In Deutschland sind über 7 Millionen Erwachsene Analphabeten. Wer nicht lesen und schreiben kann, landet oft in Arbeitslosigkeit und prekärer Beschäftigung. Der DGB ist nun dem Bündnis für Alphabetisierung des Bundesbildungsministeriums beigetreten. DGB-Vizevorsitzende Ingrid Sehrbrock erklärt warum.
DGB
Der DGB beteiligt sich an der „Nationalen Strategie für Alphabetisierung und Grundbildung“. Vor welchem Hintergrund?
Ingrid Sehrbrock: Analphabetismus ist in Deutschland stärker verbreitet als man denkt. Rund 7,5 Millionen Menschen im Alter von 18 bis 64 Jahren sind funktionale Analphabeten. Sie können einzelne Wörter und Sätze lesen, nicht aber einfachste Texte. Diese Menschen bleiben oft arbeitslos oder landen in prekärer Beschäftigung. Altersarmut ist vorprogrammiert. Immerhin hat mehr als die Hälfte dieser Menschen einen Job, wenn auch vornehmlich im Niedriglohnbereich. Wir wollen die Interessen dieser Kolleginnen und Kollegen vertreten. Lesen und Schreiben sind der Schlüssel zum Arbeitsmarkt.

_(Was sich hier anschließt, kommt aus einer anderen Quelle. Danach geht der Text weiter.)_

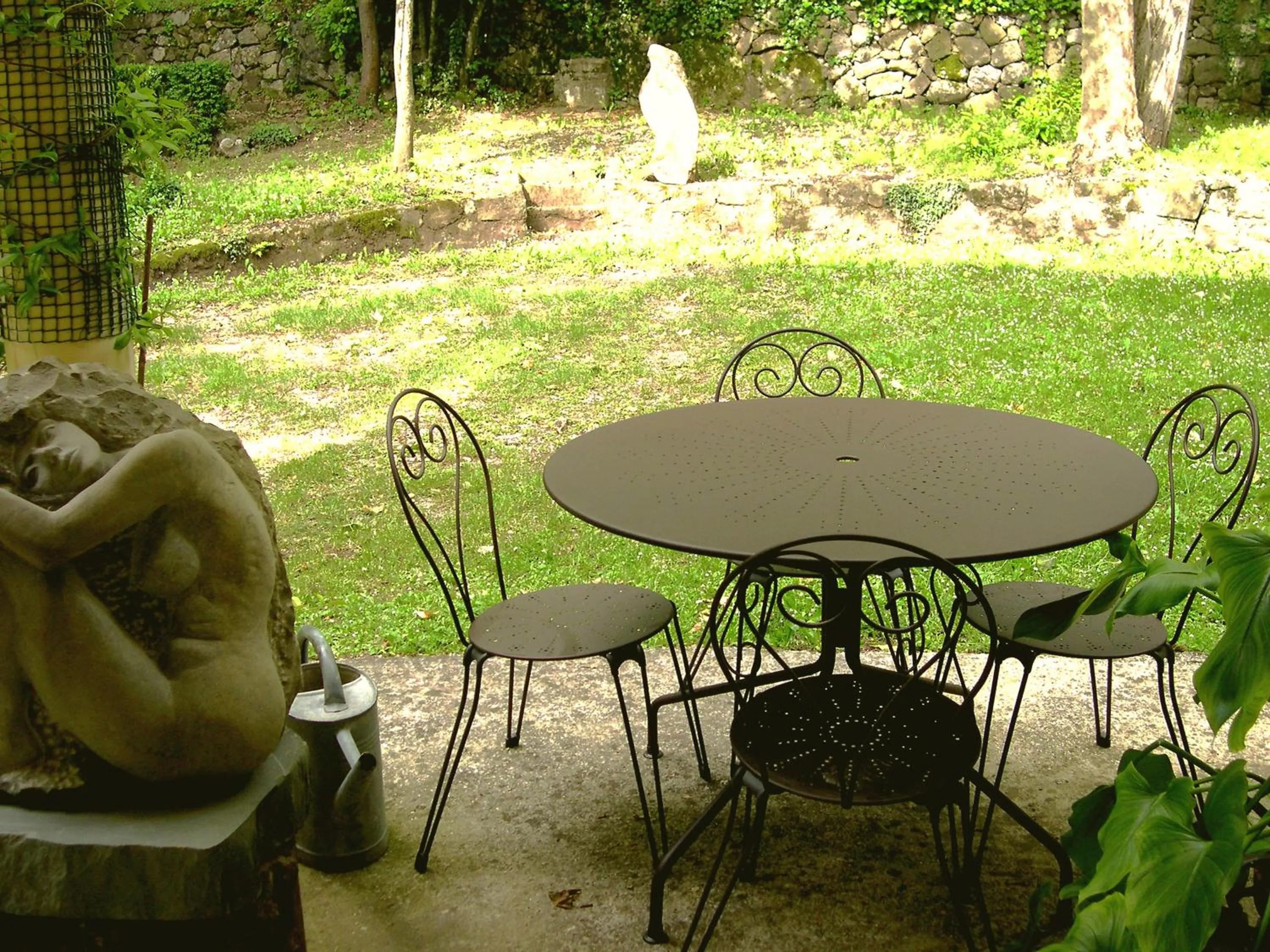 Garden in Domaine du Paraïs B&B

Was tun die Gewerkschaften für Analphabeten?
Analphabetismus geht oft einher mit Angst und Scham. Viele haben schlicht Angst um ihren Arbeitsplatz, wenn im Betrieb bekannt wird, dass sie nicht richtig lesen und schreiben können. Man vertraut sich anderen nicht an. Hier ist es wichtig, Kolleginnen und Kollegen zu finden, zu denen man Vertrauen hat. Menschen, die weiter helfen, die zum Beispiel eine gute Adresse für einen Alphabetisierungskurs geben können. Das DGB-Bildungswerk wird in Zusammenarbeit mit den Gewerkschaften solche „Lernberater“ für die Betriebe schulen. Wir haben uns England als Vorbild genommen, wo solche gewerkschaftlichen Lernberater schon erfolgreich arbeiten. Das ist unser Beitrag zur Nationalen Strategie für Alphabetisierung und Grundbildung.
Wird die Vereinbarung, die Bund und Länder mit vielen Verbänden und dem DGB getroffen haben, dem Problem gerecht?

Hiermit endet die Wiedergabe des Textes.